■ EXERCISE OBJECTIVE
Write out the lines of the material below exactly, beginning at the line with "2 Pairs Zinc" and stopping after the line with "Black cotton poplin", and leave out the pictures.

■ RECORDS

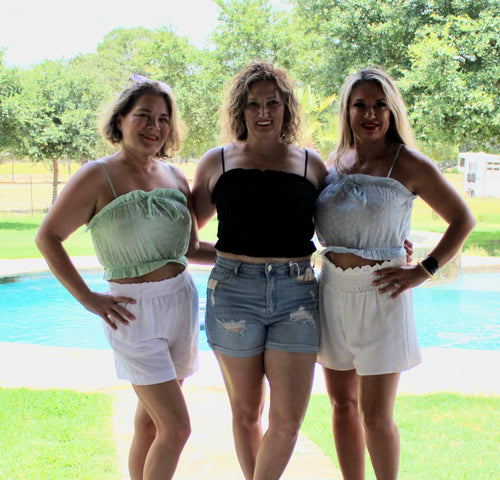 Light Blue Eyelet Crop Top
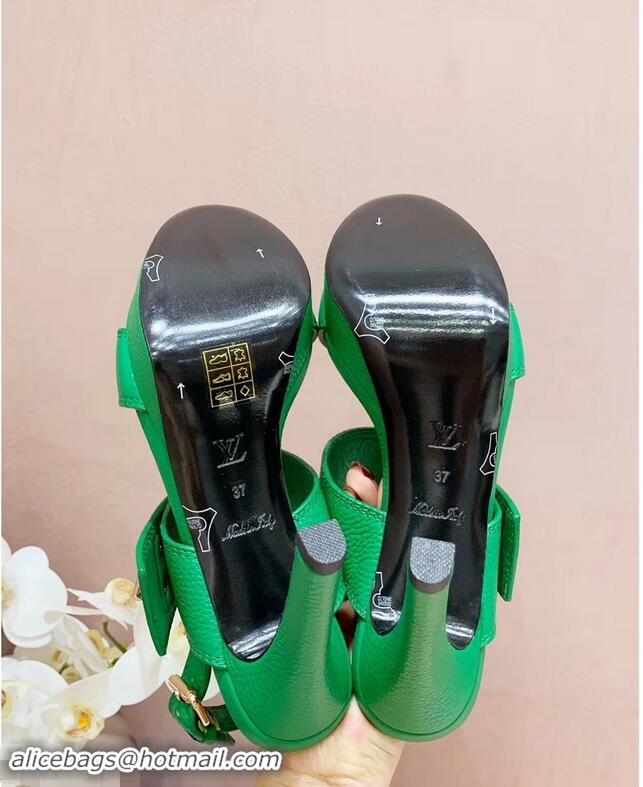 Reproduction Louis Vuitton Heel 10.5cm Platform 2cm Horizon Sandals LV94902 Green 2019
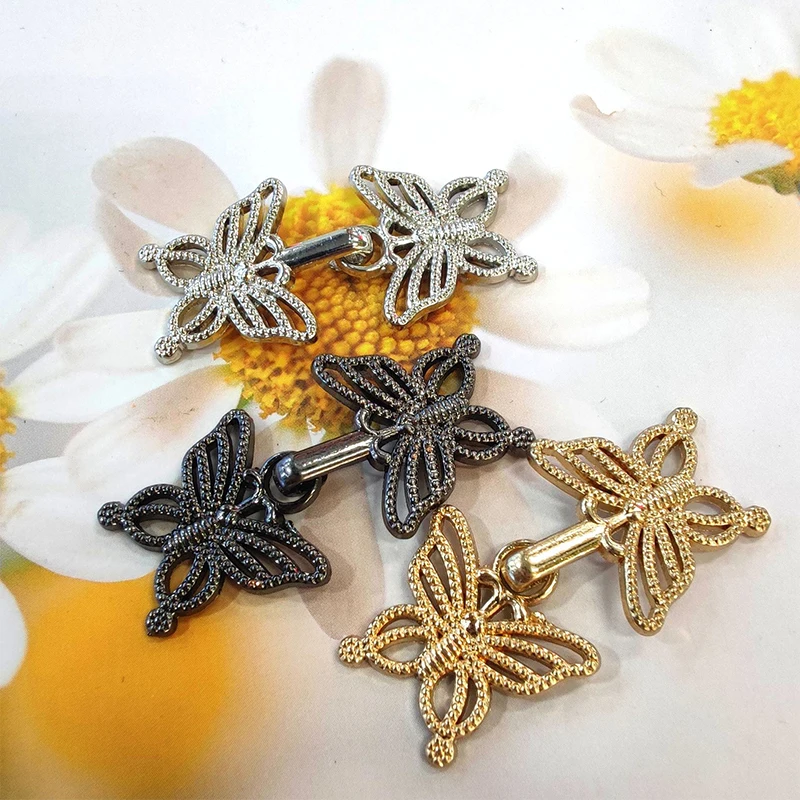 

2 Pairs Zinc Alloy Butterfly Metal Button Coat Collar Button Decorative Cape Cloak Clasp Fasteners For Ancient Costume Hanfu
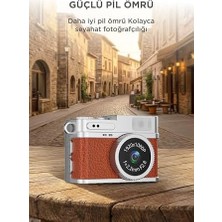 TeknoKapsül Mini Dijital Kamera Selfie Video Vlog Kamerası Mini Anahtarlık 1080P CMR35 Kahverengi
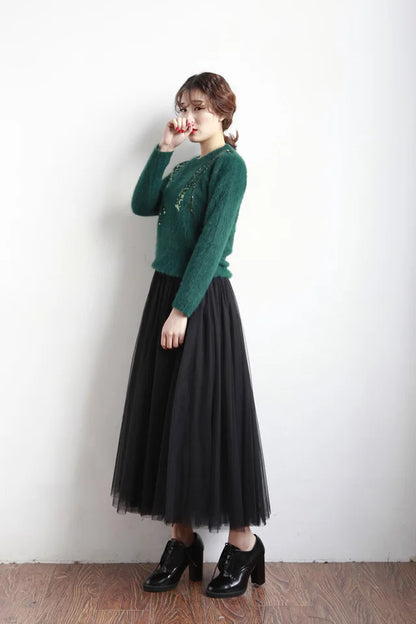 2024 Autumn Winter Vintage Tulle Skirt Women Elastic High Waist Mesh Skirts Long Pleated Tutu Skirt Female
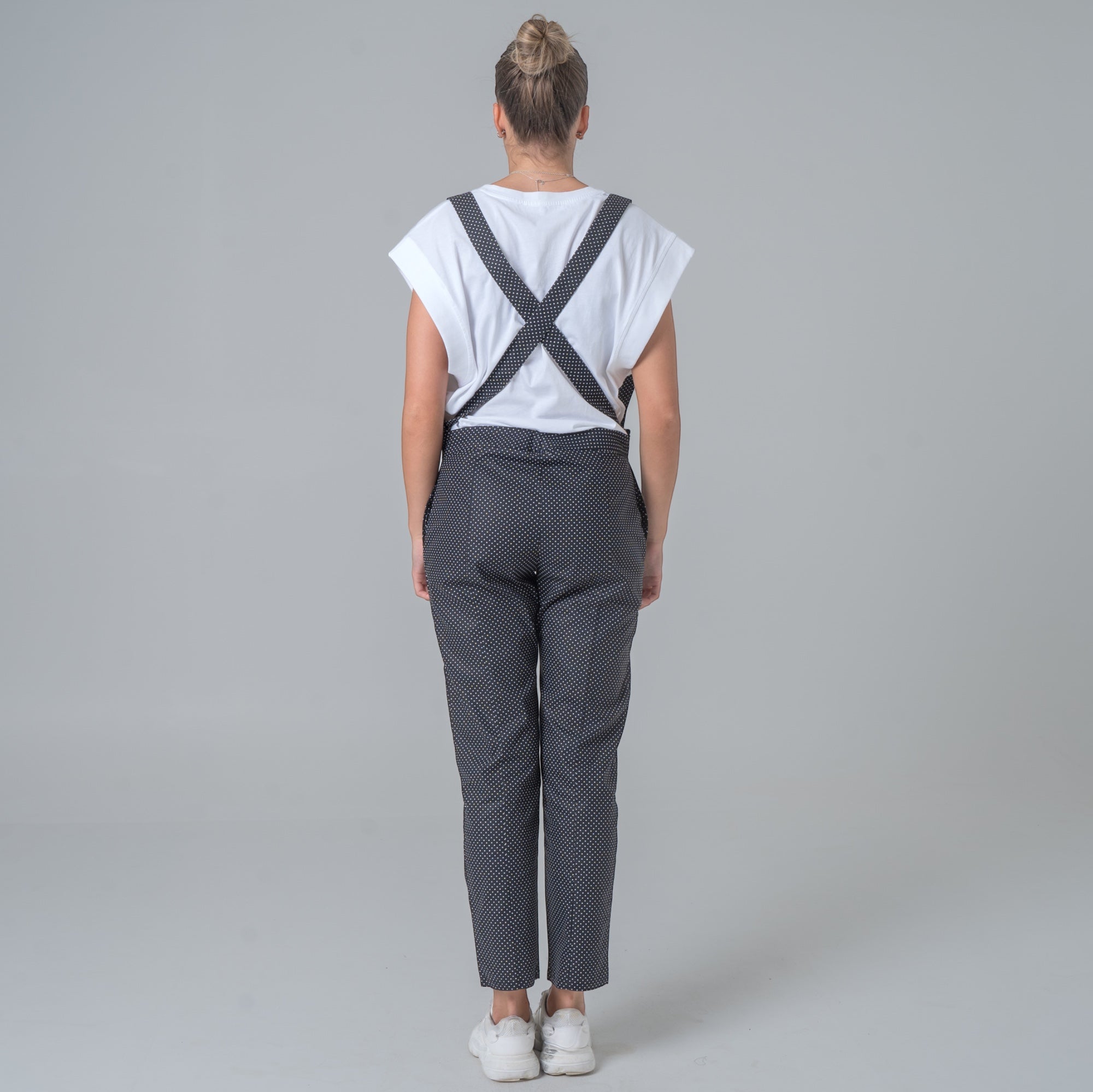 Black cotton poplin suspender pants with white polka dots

---

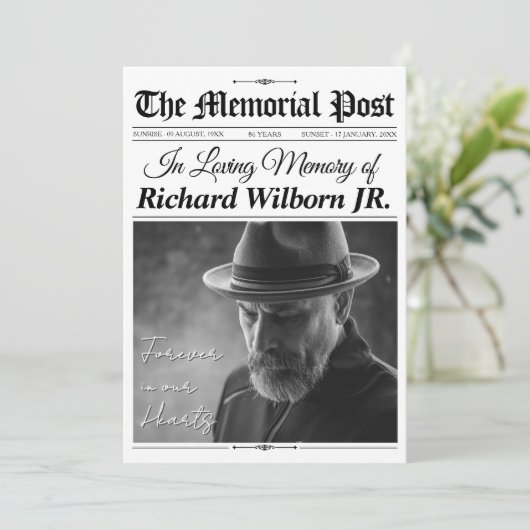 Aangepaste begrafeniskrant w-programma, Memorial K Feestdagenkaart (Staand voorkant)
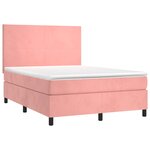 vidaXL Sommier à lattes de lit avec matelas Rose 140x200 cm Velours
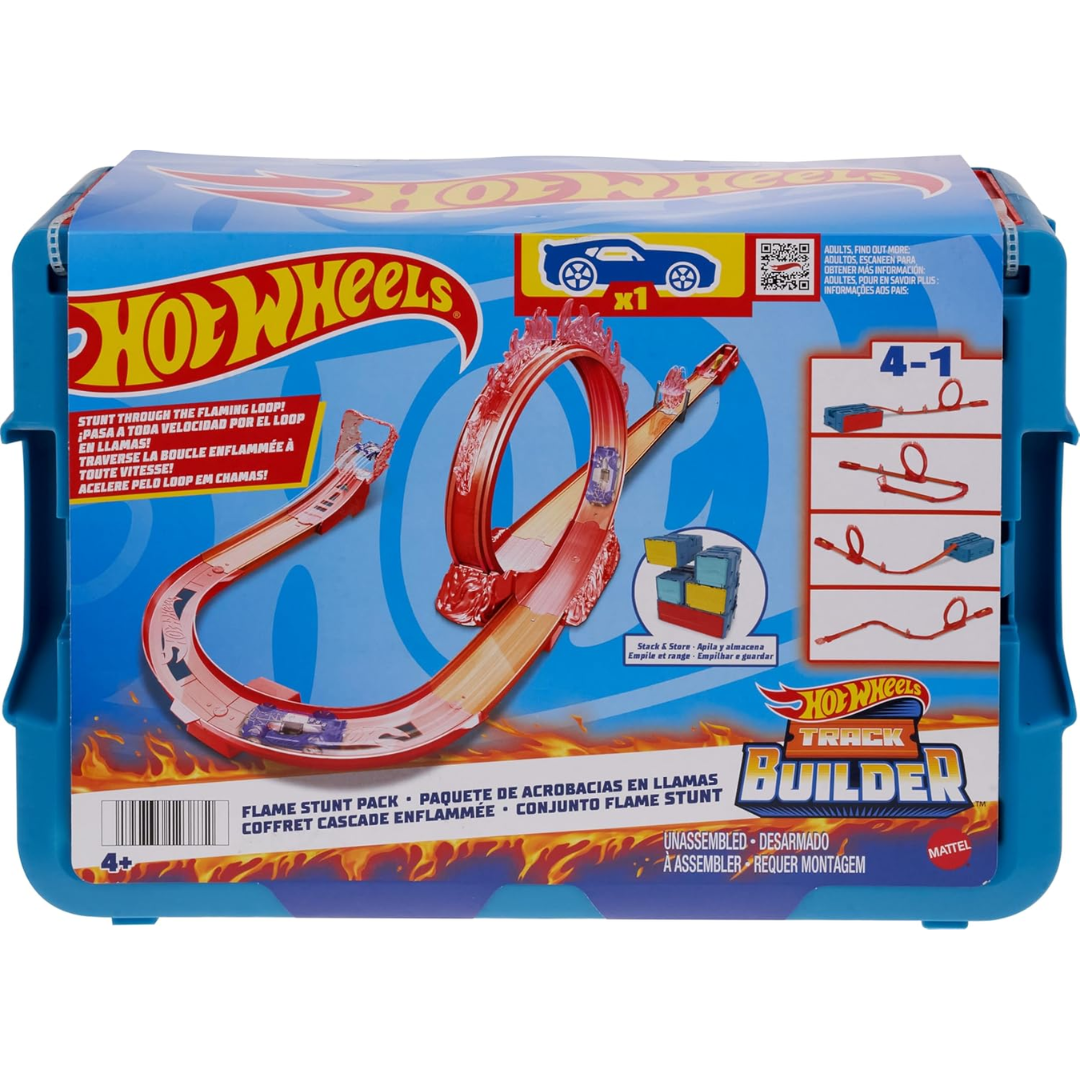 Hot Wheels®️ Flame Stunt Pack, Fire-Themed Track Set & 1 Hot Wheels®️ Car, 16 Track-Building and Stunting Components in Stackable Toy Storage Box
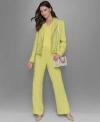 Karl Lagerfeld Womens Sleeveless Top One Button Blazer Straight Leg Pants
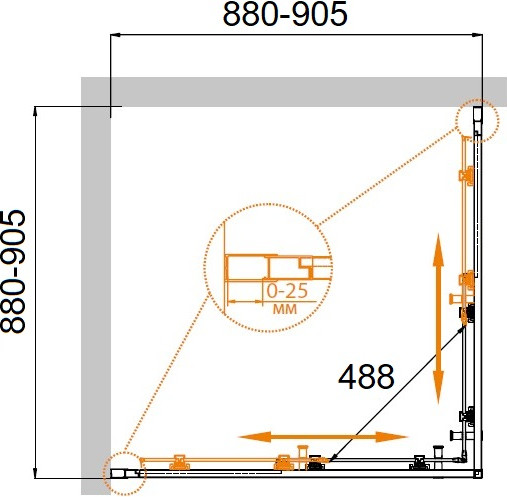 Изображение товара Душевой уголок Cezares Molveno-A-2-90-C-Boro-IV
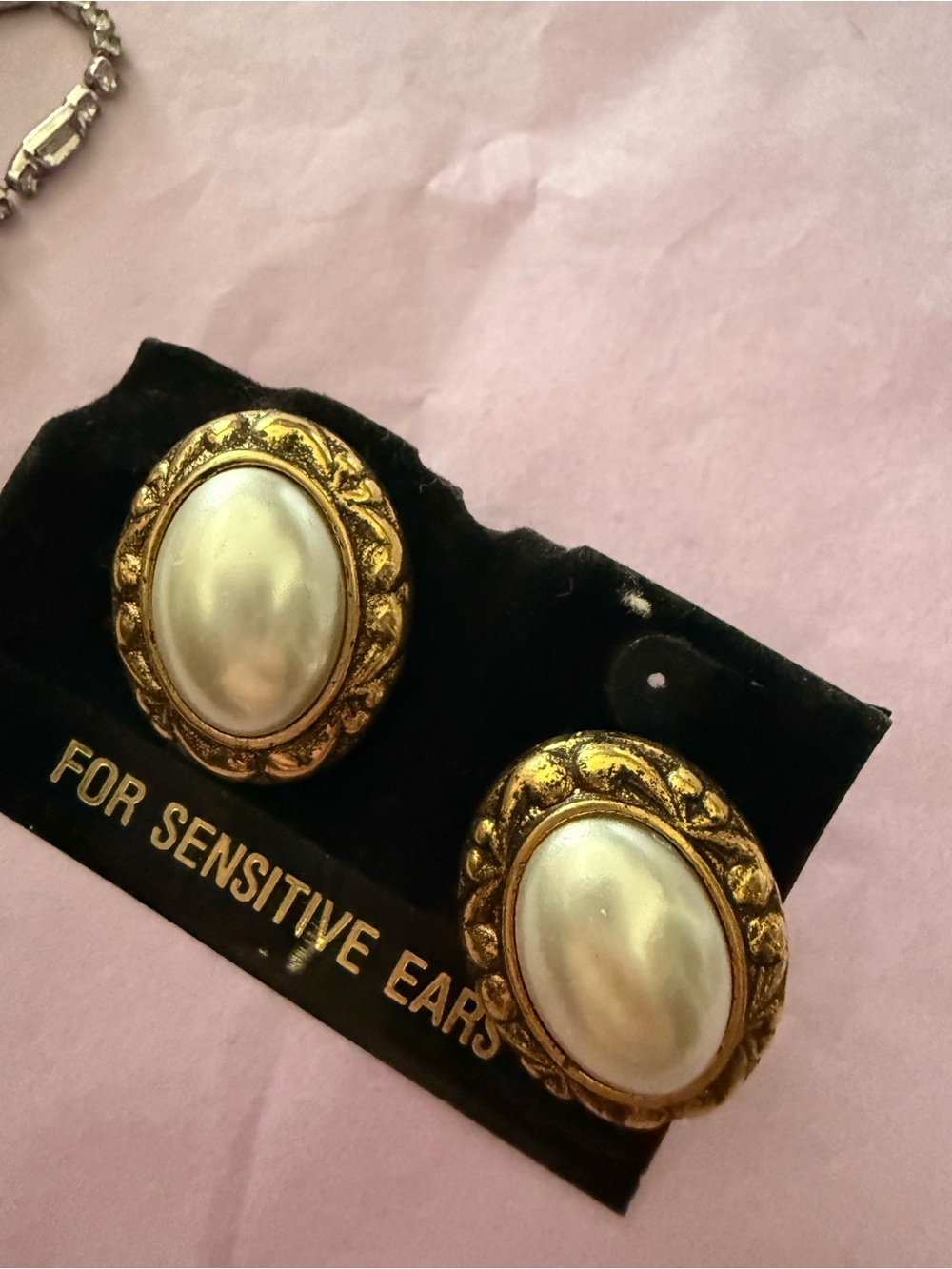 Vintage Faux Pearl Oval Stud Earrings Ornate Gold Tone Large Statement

■ SOLUTION FOR THIS EXERCISE
2 Pairs Zinc Alloy Butterfly Metal Button Coat Collar Button Decorative Cape Cloak Clasp Fasteners For Ancient Costume Hanfu
 TeknoKapsül Mini Dijital Kamera Selfie Video Vlog Kamerası Mini Anahtarlık 1080P CMR35 Kahverengi
 2024 Autumn Winter Vintage Tulle Skirt Women Elastic High Waist Mesh Skirts Long Pleated Tutu Skirt Female
 Black cotton poplin suspender pants with white polka dots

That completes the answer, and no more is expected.